With the election of President Carter and the appointment of new national -security officials the then Chief of the Information and Privacy Section and -attorneys in the CIA agreed on the need for a re-evaluation of the position which had been taken by the persons responsible for national security determinations within the Carter Administration. In January or February of 1977 the Chief of the Information and Privacy Section orally requested the CIA to initiate such a review. The result of that review was the determination that the fact that CIA was involved in the Glomar Explorer Project could be publicly released consistent with national security requirements.

I hope that the foregoing statement answers the Subcommittee's concerns. Inasmuch as this case is still in litigation, documents other than the extensive briefs and pleadings on the public record cannot be provided at this time. Mr. Paul Figley of our Information and Privacy Section, or I would be happy to discuss this matter further if you feel it necessary.

Very truly yours,

BARBARA ALLEN BABCOCK,

Assistant Attorney General.

Hon. GERHARD A. GESELL,

DEPARTMENT OF JUSTICE, Washington, D.C., July 15, 1977.

Judge, U.S. District Court for the District of Columbia, U.S. Courthouse, Washington, D.C.

DEAR JUDGE GESELL: The Attorney General has asked me to look into the circumstances surrounding the Civil Division's handling of the case of Military Audit Project v. Turner. The Attorney General is concerned in view of Your Honor's comments regarding improper conduct of government counsel, particularly in connection with representations made to the Court regarding the government's position.

It appears that government counsel, at the time this action was originally brought, urged that the fact of the involvement of the Central Intelligence Agency and/or the Department of Defense in the Glomar Explorer project could not be made known. The position urged upon the Court at that time was taken by the Department of Justice because the then Assistant to the President for National Security Affairs had determined that this course was warranted by national security considerations. I understand that the government's position at that time had been cleared by the National Security Council and was consistent with actions taken by President Ford in refusing to disclose the involvement of the CIA in what was then a story widely reported in the press.

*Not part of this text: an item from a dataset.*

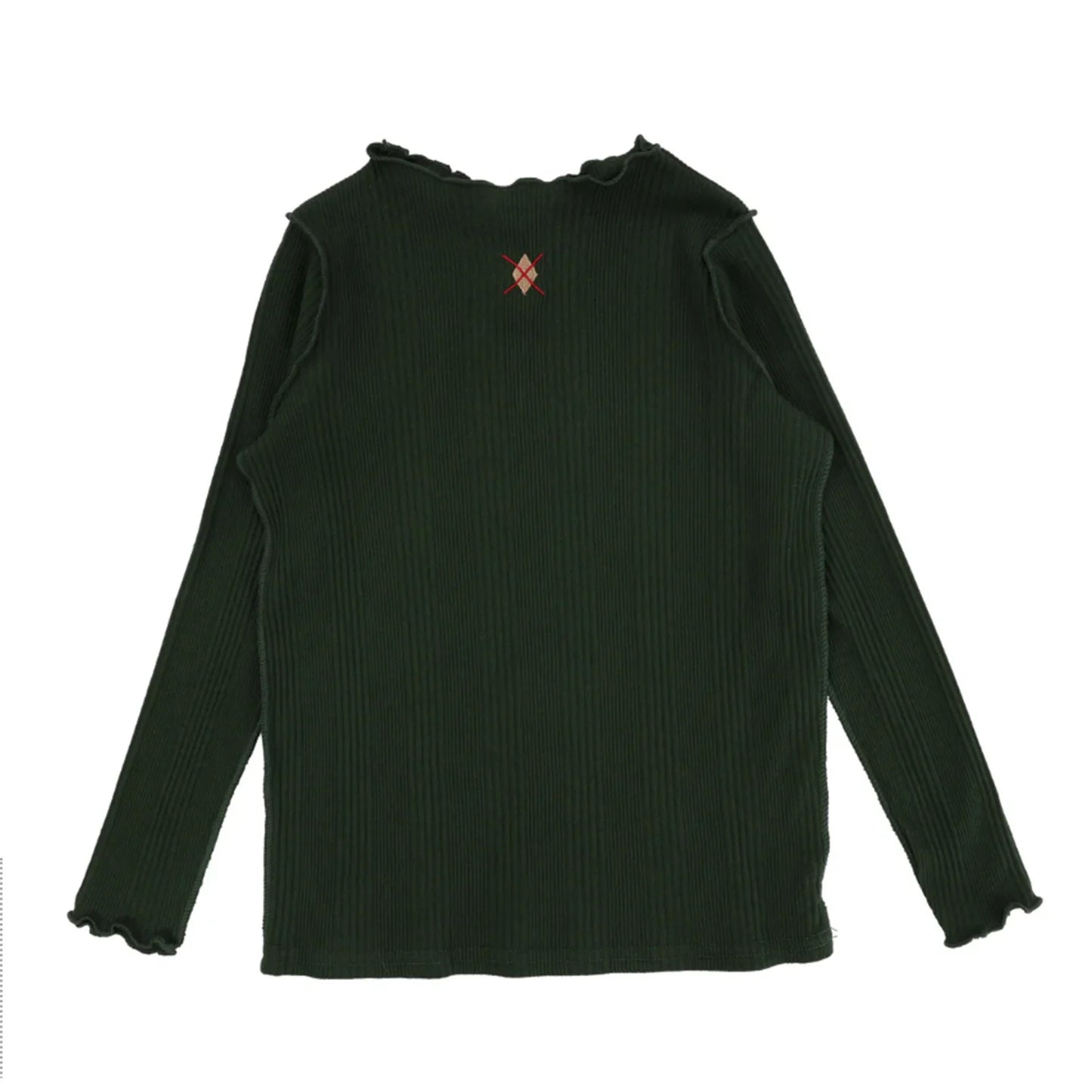 Ribbed Funnel Neck - Green/Em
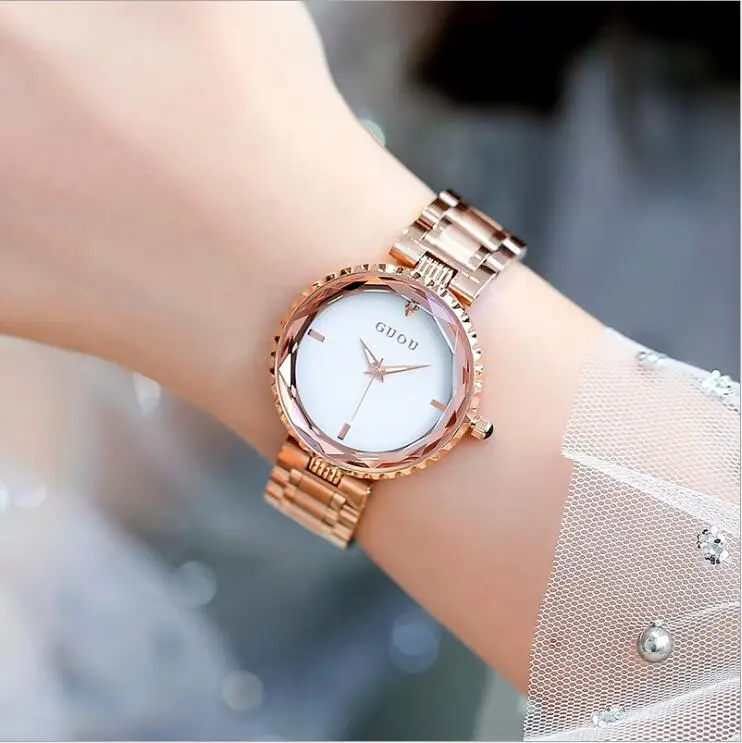 Relogio Feminino Топ Роскошные Кварцевые часы Женские Наручные Часы GUOU модные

After the October 20, 1976, Order was entered dismissing the action, the plaintiff appealed. During the pendency of the appeal and in light of the passage of time, changing circumstances and the fact that a new Administration had taken office in the interim, the Chief of the Civil Division's Information and Privacy Section, early in 1977, requested the CIA to ascertain the views of the new Assistant to the President for National Security Affairs concerning the issue as to whether the fact of CIA's past involvement in the Glomar Explorer program still required protection from disclosure on national security grounds.

After considering the matter, appropriate Executive Branch officials charged with responsibility for advising the President on national security matters determined that the disclosure at this time that the CIA had been involved in the Glomar program would not, in their judgment, damage the national security. That determination, of course, undercut the position previously asserted by the government that the fact of CIA involvement in the Glomar program could not be publicly disclosed.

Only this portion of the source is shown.